Data extract:
*** Begin section ***
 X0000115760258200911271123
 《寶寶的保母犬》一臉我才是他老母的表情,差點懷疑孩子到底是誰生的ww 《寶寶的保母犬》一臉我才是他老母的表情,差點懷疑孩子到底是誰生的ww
*** End section ***
*** Begin section ***
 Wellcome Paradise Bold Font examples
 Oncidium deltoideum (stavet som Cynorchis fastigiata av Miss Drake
*** End section ***
*** Begin section ***
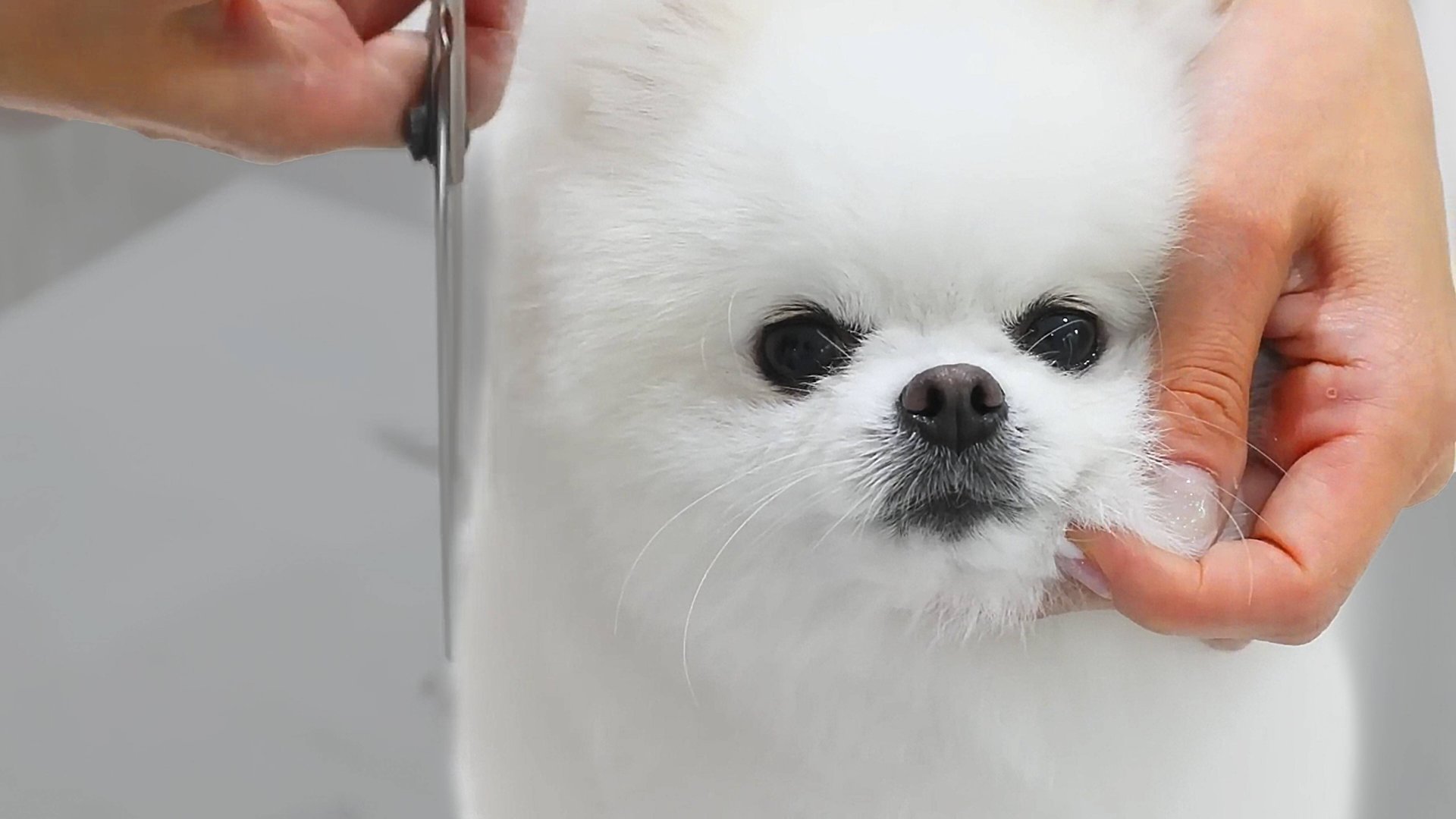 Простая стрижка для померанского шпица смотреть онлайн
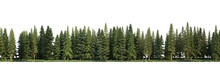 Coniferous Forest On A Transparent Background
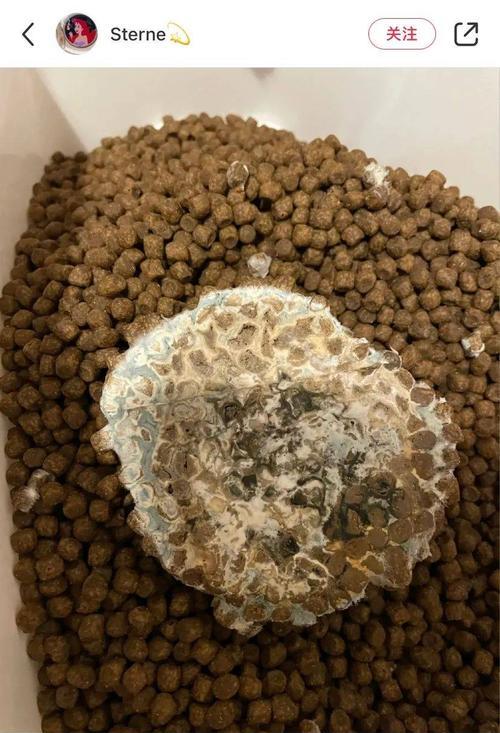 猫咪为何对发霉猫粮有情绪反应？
*** End section ***
Problem description: Copy exactly, without pictures, the lines above from the one with "Простая стрижка для" down to the one with "猫咪为何对发霉猫粮有情绪反应？", inclusive.

Task answer:
 Простая стрижка для померанского шпица смотреть онлайн
 Coniferous Forest On A Transparent Background
 猫咪为何对发霉猫粮有情绪反应？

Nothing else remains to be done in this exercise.